* _ACTIVITY_
Write out exactly the lines running from the one with "Image of plant Salix helvetica" to the last line of the entries, keeping both the first and the last.

* _Web page caption snippets_

☆ ☆ ☆

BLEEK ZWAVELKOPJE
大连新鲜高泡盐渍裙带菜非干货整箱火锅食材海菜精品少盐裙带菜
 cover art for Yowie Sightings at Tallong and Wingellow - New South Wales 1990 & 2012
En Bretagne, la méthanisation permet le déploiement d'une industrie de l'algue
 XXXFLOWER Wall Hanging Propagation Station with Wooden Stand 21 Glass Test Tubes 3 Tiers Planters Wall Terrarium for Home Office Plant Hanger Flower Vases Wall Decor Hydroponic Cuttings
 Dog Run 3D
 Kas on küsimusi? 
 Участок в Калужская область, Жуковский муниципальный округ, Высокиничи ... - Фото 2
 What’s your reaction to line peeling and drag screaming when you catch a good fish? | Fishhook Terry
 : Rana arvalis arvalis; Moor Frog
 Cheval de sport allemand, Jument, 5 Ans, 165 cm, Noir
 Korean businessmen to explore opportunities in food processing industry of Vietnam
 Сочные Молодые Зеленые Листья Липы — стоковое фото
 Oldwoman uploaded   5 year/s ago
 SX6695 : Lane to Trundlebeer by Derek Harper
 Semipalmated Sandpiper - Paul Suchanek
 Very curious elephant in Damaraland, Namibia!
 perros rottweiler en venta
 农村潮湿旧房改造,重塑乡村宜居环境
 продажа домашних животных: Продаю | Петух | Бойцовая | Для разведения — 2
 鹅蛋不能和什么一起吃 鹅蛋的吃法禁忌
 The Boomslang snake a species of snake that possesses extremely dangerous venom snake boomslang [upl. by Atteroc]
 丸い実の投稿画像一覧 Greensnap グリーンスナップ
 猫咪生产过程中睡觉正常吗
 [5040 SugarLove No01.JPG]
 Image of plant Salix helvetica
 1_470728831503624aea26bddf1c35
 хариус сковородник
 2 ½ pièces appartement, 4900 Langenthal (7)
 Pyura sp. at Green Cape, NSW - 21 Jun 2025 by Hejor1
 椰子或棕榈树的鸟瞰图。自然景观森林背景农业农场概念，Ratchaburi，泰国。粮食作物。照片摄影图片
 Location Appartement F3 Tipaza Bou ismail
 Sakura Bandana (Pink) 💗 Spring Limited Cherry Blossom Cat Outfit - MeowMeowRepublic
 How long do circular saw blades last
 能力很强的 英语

☆ ☆ ☆

* _EXERCISE RESULT_
 Image of plant Salix helvetica
 1_470728831503624aea26bddf1c35
 хариус сковородник
 2 ½ pièces appartement, 4900 Langenthal (7)
 Pyura sp. at Green Cape, NSW - 21 Jun 2025 by Hejor1
 椰子或棕榈树的鸟瞰图。自然景观森林背景农业农场概念，Ratchaburi，泰国。粮食作物。照片摄影图片
 Location Appartement F3 Tipaza Bou ismail
 Sakura Bandana (Pink) 💗 Spring Limited Cherry Blossom Cat Outfit - MeowMeowRepublic
 How long do circular saw blades last
 能力很强的 英语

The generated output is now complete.